Il marqua une interruption, se sentant paré à introduire, une fois de plus, son fameux laïus sur ce qu'était l'Ordre, un laïus qu'il avait offert à bien des individus - à son apprentie, bien sûr ; mais aussi à cette actrice, Rastka Kae ; à ce Sith, Darth Anetherion ; et à cet autre, sorti de nulle part, Noval Ortyss ; et son "esclave", évidemment, Kalya Rahel. Cette définition, il la connaissait par cœur, et quand bien même il l'a soumettait à diverses variations au gré des circonstances et des aléas de la discussion, il savait en restituer le contenu avec une méticulosité que seule sa Main était capable de reproduire. Aussi, à la manière d'une machine que l'on aurait activée, commença-t-il :

«Entendez l'Ordre comme une stabilité retrouvée à travers la Galaxie tout entière. Une stabilité marquée par un usage proprement créatif des dynamiques de la Force... Une stabilité caractérisée par l'entente cordiale entre les différents membres du tout auquel ils appartiennent, une cohésion mutuellement bénéfique, un rassemblement unanime... un rassemblement unanime, que rien ne vient plus troubler...»

Il avait hésité. Il venait d'hésiter. Jamais il n'hésitait d'habitude. Comment se faisait-il que... ? Enfin, embrayer, relancer la mécanique, c'est ce qu'il lui restait à faire.

«En ce sens, l'Ordre ne constitue pas seulement... pas seulement un idéal ; c'est également une philosophie... Oui, une philosophie appliquée sur la logique, sur l'éthique et... et sur la physique.»
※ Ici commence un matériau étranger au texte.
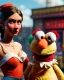 Placeholder: waitress woman with Sesame Street muppet mask-head, concept art, retro style, smooth, unreal engine 5, god lights, ray tracing, RTX, lumen lighting, ultra detail, volumetric lighting, 3d.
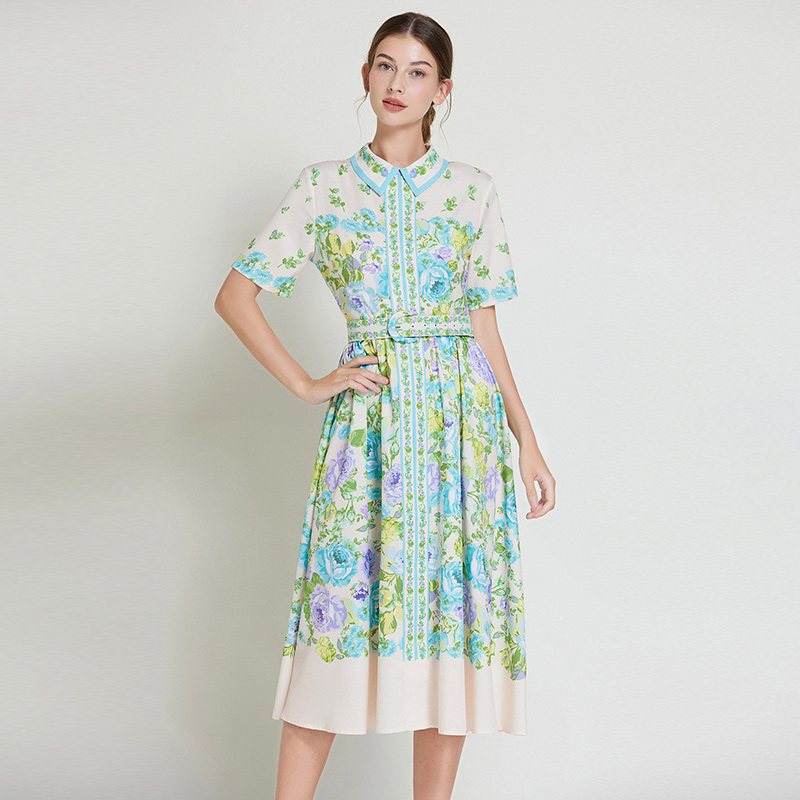 Slim printing temperament big skirt summer dress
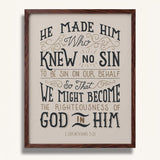 2 Corinthians 5:21  Knew No Sin framed art print by Scripture Type  #color_stone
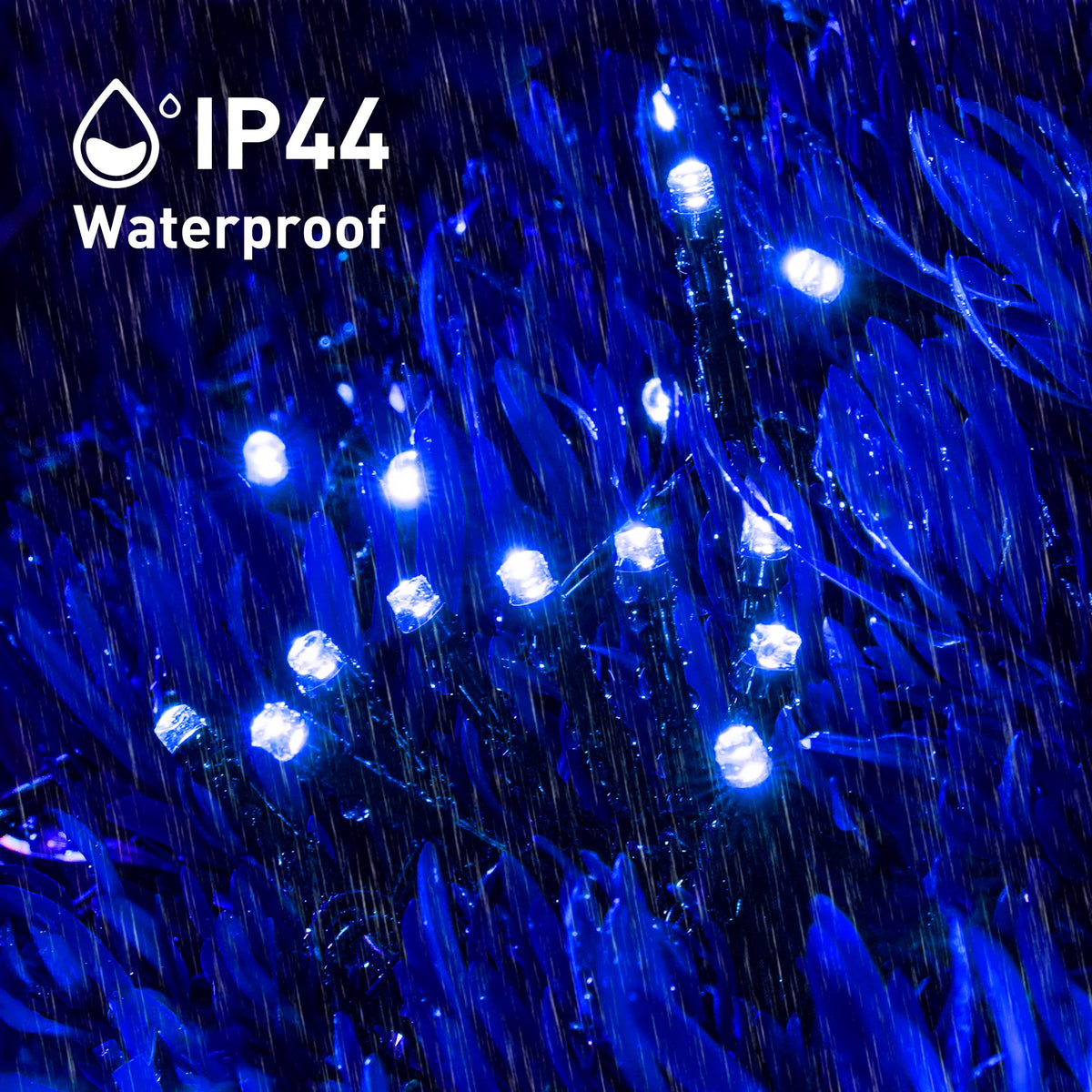 JMEXSUSS wide view of 151 ft blue string lights in a yard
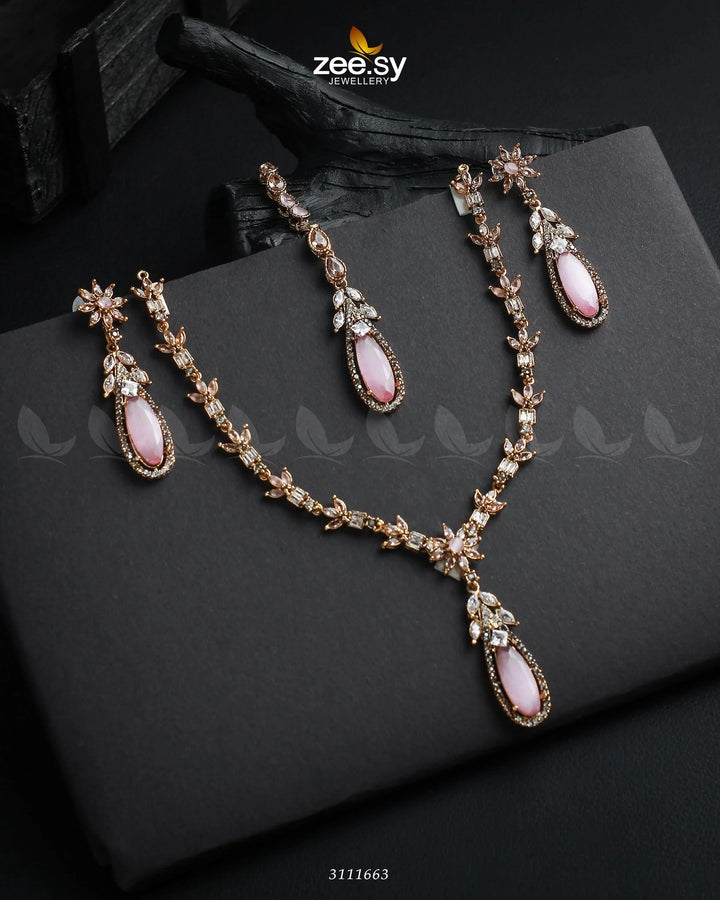 Saba Qamar Necklace Sets Golden Mint Pink Necklace Sets - Zeesy Jewellery Pakistan | Premium Artificial & Imitation Jewellery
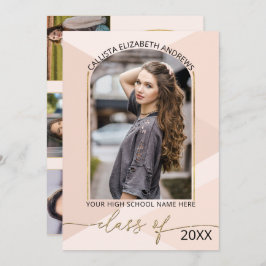 モダン赤面ピンク幾何学写真卒業 案内状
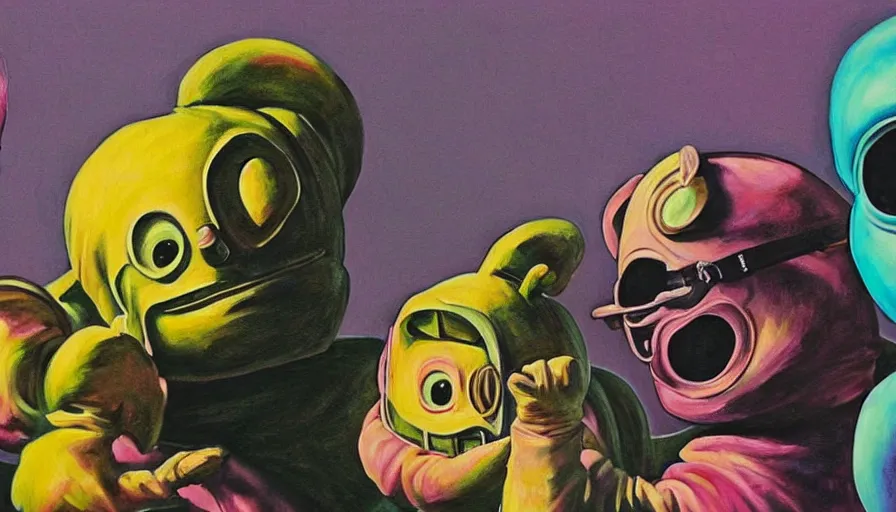 Prompt: beautiful lifelike painting of mf doom performing with the teletubbies, hyperreal detailed facial features and uv lighting, art by ed roth and basil wolverton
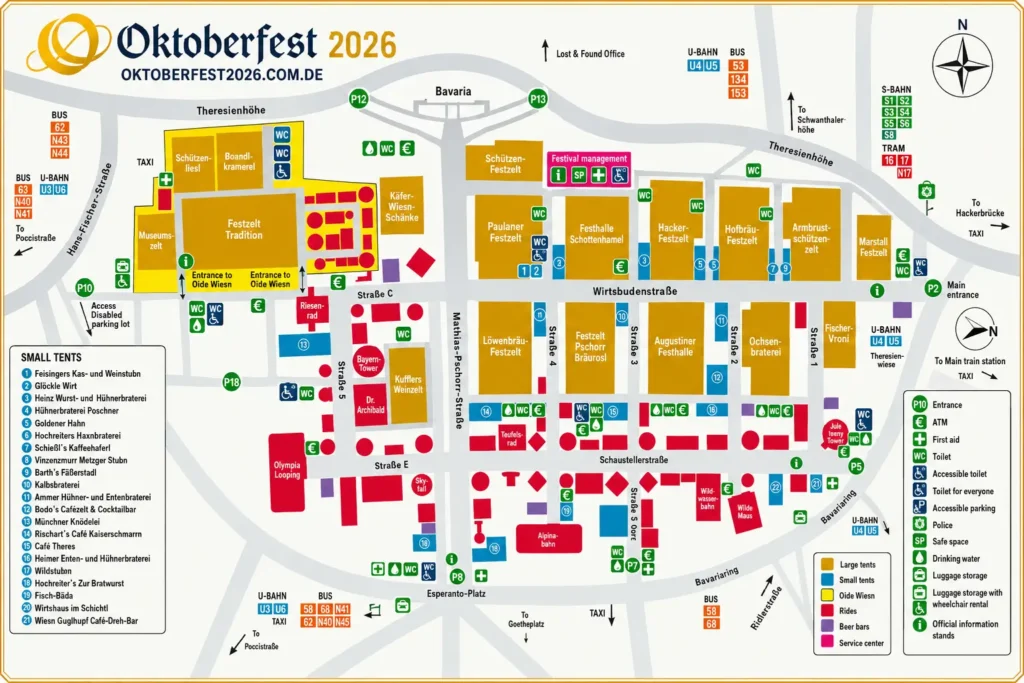 Oktoberfest 2026 map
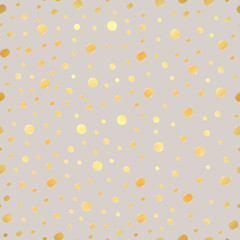 Classic dotted seamless gold pattern. Polka dot ornate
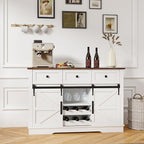 Kmax Farmhouse Wine Bar Cabinet w, 54” Buffet Cabinet with Storage, Rustic White Coffee Bar Cabinet with Sliding Barn Doors, Wine/Glass Rack & 3 Drawers for Living, Dining Room, Brown Top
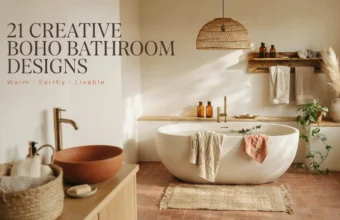 A sunlit, warm earthy boho bathroom interior featuring a white oval freestanding bathtub, a terracotta vessel sink, a woven rattan pendant light, and pampas grass decor for a cozy spa vibe.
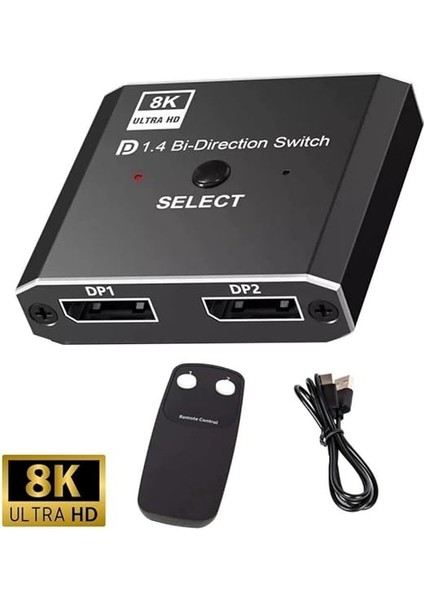 PX-4284 8k Displayport Kumandalı Çift Yönlü Çoklayıcı Switch Splitter (2 Pc-1 Monitör) fiyatları
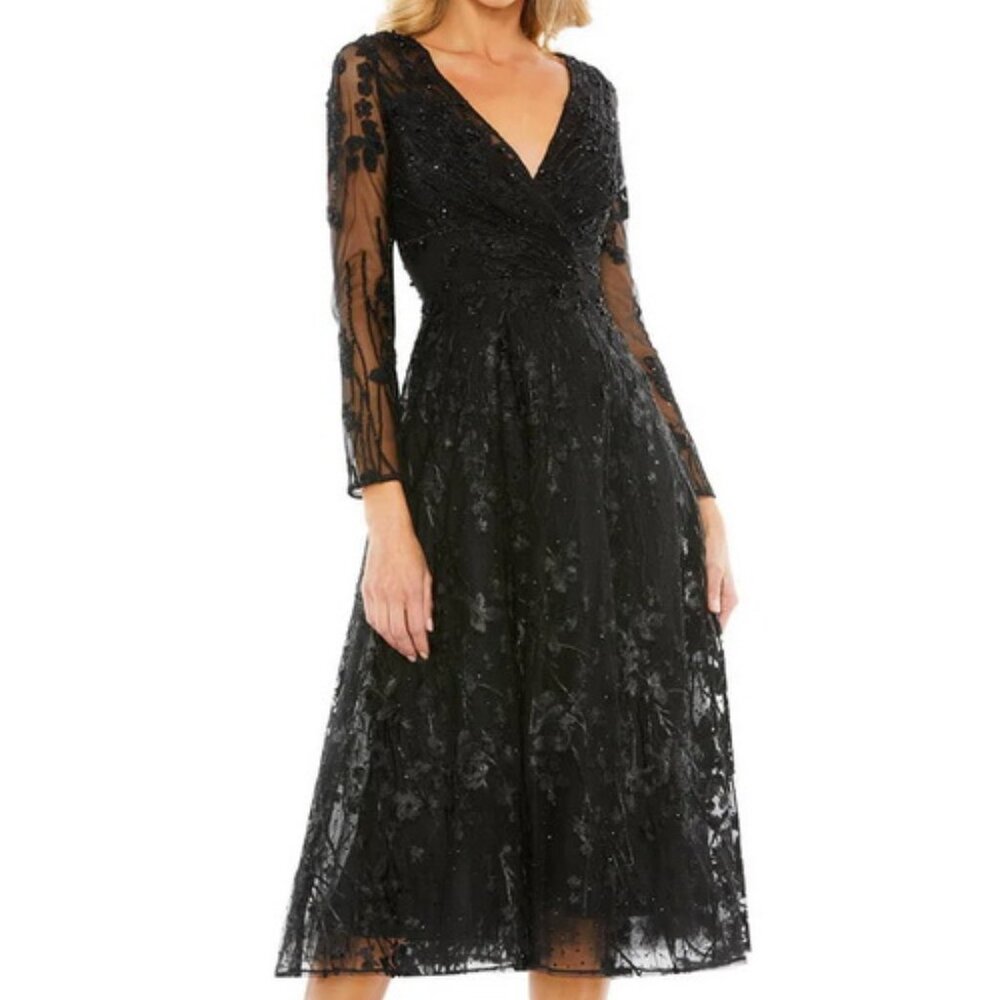 Mac Duggal Black Embellished Floral Lace Fit & Flare Cocktail Dress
Pour une raison indéfinissable, la clarté qui embrassait généralement ces mots n'opérait pas. Comme si le déroulement méthodique des engrenages verbaux qui paramétraient cette définition s'étaient soudain enrayés, comme si un grain de sable était venu s'insérer dans la rigoureuse mécanique dont était faite sa vie...

«D'un point de vue... D'un point de vue logique, l'Ordre est la manière dont... eh bien, dont un être vivant structure sa représentation du monde... C'est pourquoi il faut identifier l'Ordre à... oui, à l'instinct chez les animaux et à la raison chez les êtres intelligents... L'instinct et la raison... constituent...»

Tout s'était passé comme si le grain de sable avait définitivement bloqué l'engrenage, en avait interrompu l'impitoyable cours.

Alors ses yeux se laissèrent aller à un délirant clignement. Alors ses lèvres cessèrent d'articuler correctement les sons. Et c'est dans un long, un incompréhensible balbutiement que son corps vacilla, et qu'il tomba, lourdement, sur le sol. Lord Janos venait de s'évanouir.